*Work to be completed*.
What should be copied is the stretch of entries below from the line with "Belediye Kavşağı Kaldırdı, Bursa" up to and including the line with "Holiday Home With", exactly and without images.

*Material provided*.
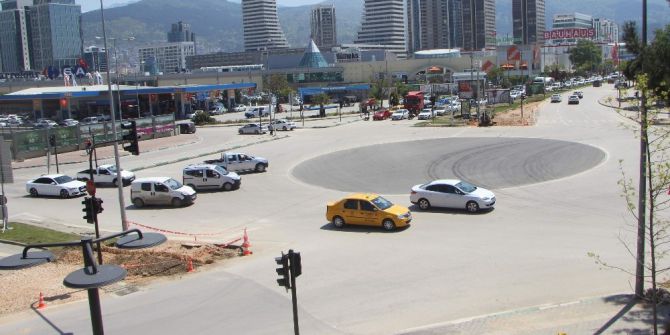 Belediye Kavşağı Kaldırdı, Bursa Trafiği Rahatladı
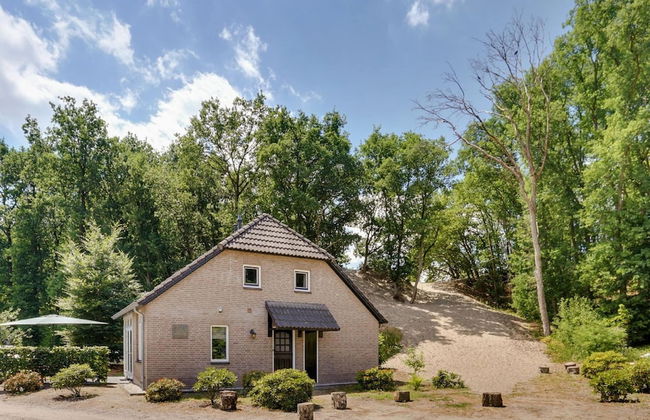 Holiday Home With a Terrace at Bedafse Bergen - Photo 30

--

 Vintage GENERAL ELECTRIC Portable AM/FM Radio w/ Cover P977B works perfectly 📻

--

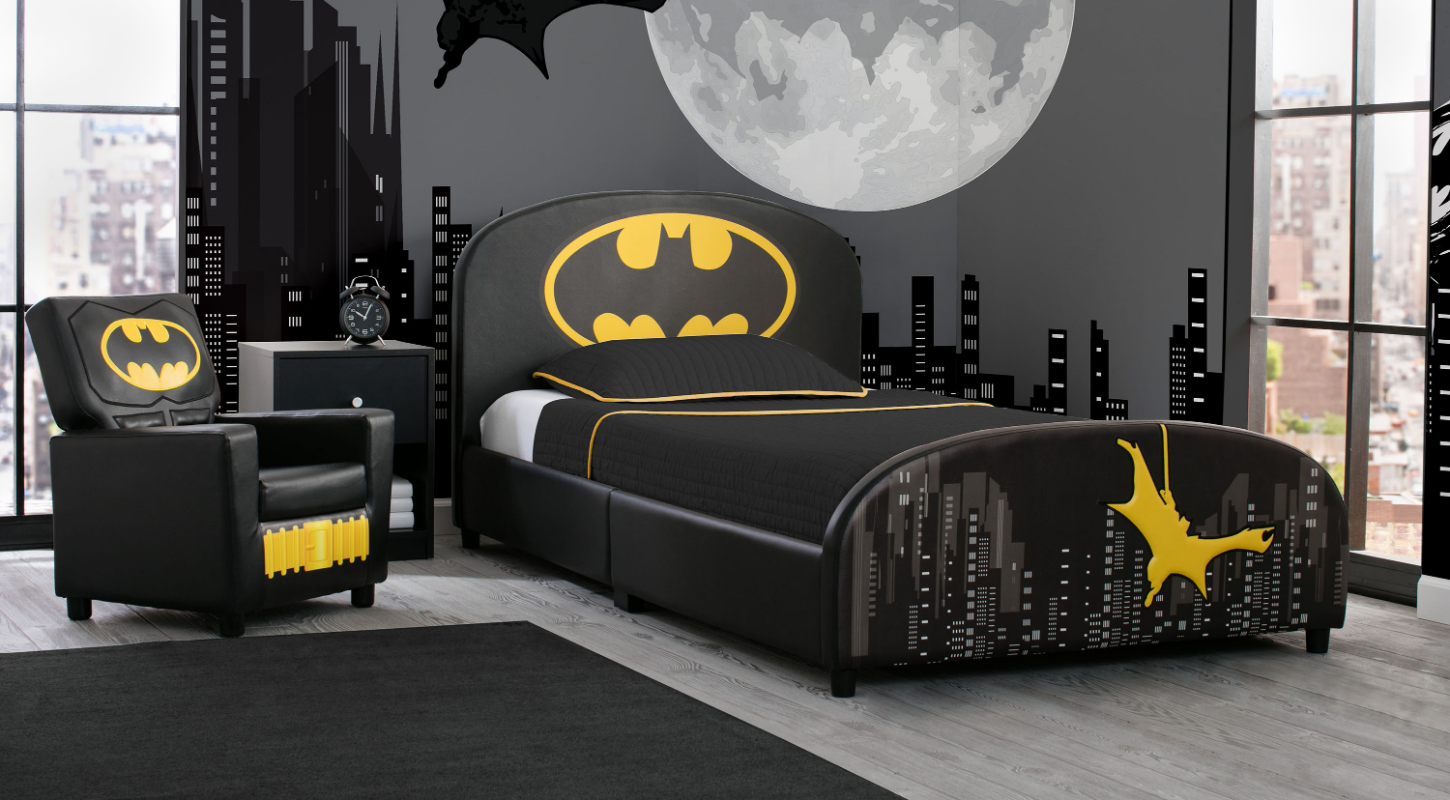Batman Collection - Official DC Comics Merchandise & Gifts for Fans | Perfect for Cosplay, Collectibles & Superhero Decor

*Exercise response*.
 Belediye Kavşağı Kaldırdı, Bursa Trafiği Rahatladı
 Holiday Home With a Terrace at Bedafse Bergen - Photo 30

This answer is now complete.